The peptide transporter PEPT1 (encoded by SLC15A1) is a prototypical member of the SLC15 family6. PEPT1 is predominantly responsible for the absorption of di/tripeptides and is mainly located on brush border membranes of small intestinal epithelia. In addition to that in the intestine, PEPT1 has been detected in tissues such as the nasal epithelium, kidney, biliary duct, and macrophages7,8. Besides, PEPT1 is overexpressed in the colon of inflammatory bowel disease patients and prostate cancer cells, which provides novel insight into the pathogenesis and tumor-specific drug delivery of this diseases9,10. However, there are inconsistent reports on the expression levels of PEPT1 mRNA and protein in the colon11. While one study reported low PEPT1 expression in the colon12, it could not be detected in other studies9,13. Another recent study showed that PEPT1 is highly expressed in the distal colon14. These inconsistent results may be explained at least partially by the different research groups measuring expression in different areas of the colon. PEPT1 has considerable substrate specificity for oligopeptides produced after the digestion of dietary or body proteins and structurally related drugs, such as the anticancer agent ubenimex (UBEN) and peptidomimetic prodrugs15. Ubenimex (UBEN), more commonly known as Bestatin, is a drug with immune-modulatory and anti-tumor activities16. At present, it has been widely used to treat acute myelocytic leukemia17 and it was once reportedly, preferably delivered into tumor cells overexpressing PEPT118. Therefore, PEPT1 is increasingly becoming a potential target for modulating the efficacy of various chemotherapeutic agents.

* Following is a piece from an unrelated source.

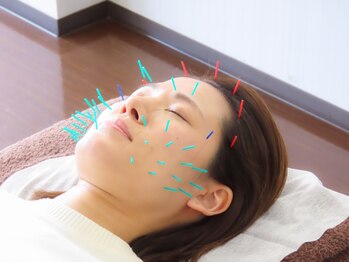 あいあい整骨院 津山院の写真/【津山希少☆】当店人気No.1美容鍼◎美肌/小顔/エイジングケア/リフトアップも叶う♪『鍼』初体験歓迎!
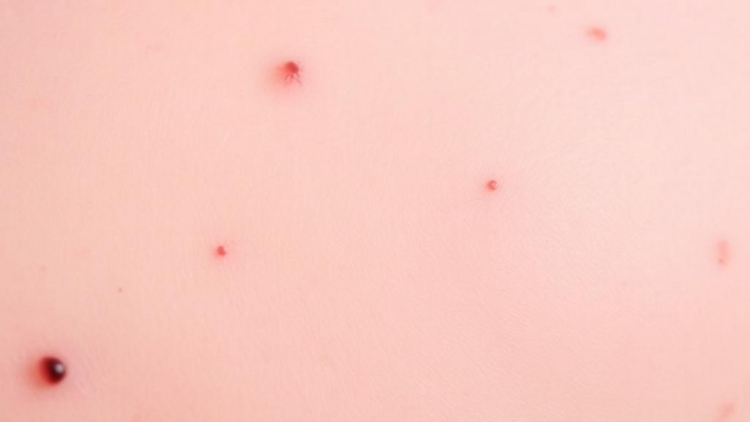 Skin Disease, Silent Metabolism: Large Database Study Links Hidradenitis Suppurativa to Type 2 Diabetes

Until now, the transcriptional regulation of PEPT1 has not been widely investigated. Only a few transcription factors (sp1, cdx2, nrf2) have been shown to regulate the transcriptional activity of the PEPT1 gene promoter19,20,21. Epigenetic regulation of gene transcription, which involves dynamic modifications such as DNA methylation, histone acetylation, and noncoding RNAs, has been associated with several physiological and pathological processes. Although DNA methylation typically involved in gene repression is performed by DNA methyltransferase (DNMT1, DNMT3a, and DNMT3b), DNMT1 is primarily responsible for maintenance methylation by converting hemimethylated duplexes into symmetrically methylated CpG dinucleotides during DNA replication22,23. Alterations in DNA methylation caused by abnormalities in DNMT1 have been shown to drive tumorigenesis in several studies24,25. Histone acetylation primarily occurs at numerous lysine residues at the N terminus of histones, including H3K9Ac, H3K18Ac, and H3K27Ac, which are enriched around the transcription start site (TSS) and are generally associated with gene activation26,27. Acetyl groups are added at these specific histone sites by histone acetyltransferases (HATs) and removed by histone deacetylases (HDACs)28. The four main groups of HATs are the GCN5, MYST, CBP/P300, and SRC/p160 nuclear receptor coactivator families, and the HDAC family comprises eighteen different isoforms (HDAC1-11 and SIRT1-7)28. Similar to DNA methylation, histone acetylation at various gene transcriptional regulatory elements has been correlated with tumor development29. Epigenetic instability in CRC occurs early and manifests more frequently than genetic modifications30. For example, DNMT1-mediated methylation of Cdknla promoted cell proliferation in a carcinogen-administered CRC mouse model31. In addition, P300 was shown to promote PHF5A acetylation at K29 during cellular stress, which consequently contributed to colon carcinogenesis32 in the CRC xenograft model. Here, we determined the expression level of PEPT1 in CRC compared to normal tissues and analyzed the epigenetic mechanisms deregulating the expression of PEPT1 in CRC. We then designed a combination treatment of decitabine (DAC) and UBEN to sensitize CRC cells to UBEN. These findings highlight the potential clinical usefulness of various epigenetic modifications as biomarkers for the early diagnosis and pharmacological treatment of CRC patients.

Results

PEPT1 is repressed in CRC

Boxplot analysis on GEPIA revealed that PEPT1 transcription in CRC tumor tissues was markedly decreased compared to that in the normal colon (Fig. 1A). To confirm the mRNA expression levels of PEPT1, RT-qPCR was performed on 58 CRC tumor tissues and matched normal tissues (Fig. 1B, C). PEPT1 expression was dramatically reduced in most CRC tissue samples (43/58). Next, we evaluated the protein expression of PEPT1 via western blotting (Fig. 1D). Thirteen of the 14 CRC patient samples displayed low PEPT1 expression (Fig. 1B), whereas 1 sample (CRC47) displayed no significant change in protein expression. Moreover, no significant correlation was found between PEPT1 expression levels and gender, age, TNM stage, location (Fig. S1A–D, Table S1). These data together demonstrate that PEPT1 is downregulated at both the mRNA and protein levels in most CRC tumors, regardless of gender, age, and TNM stage. These results imply that the expression of PEPT1 is an important factor for the diagnosis of CRC.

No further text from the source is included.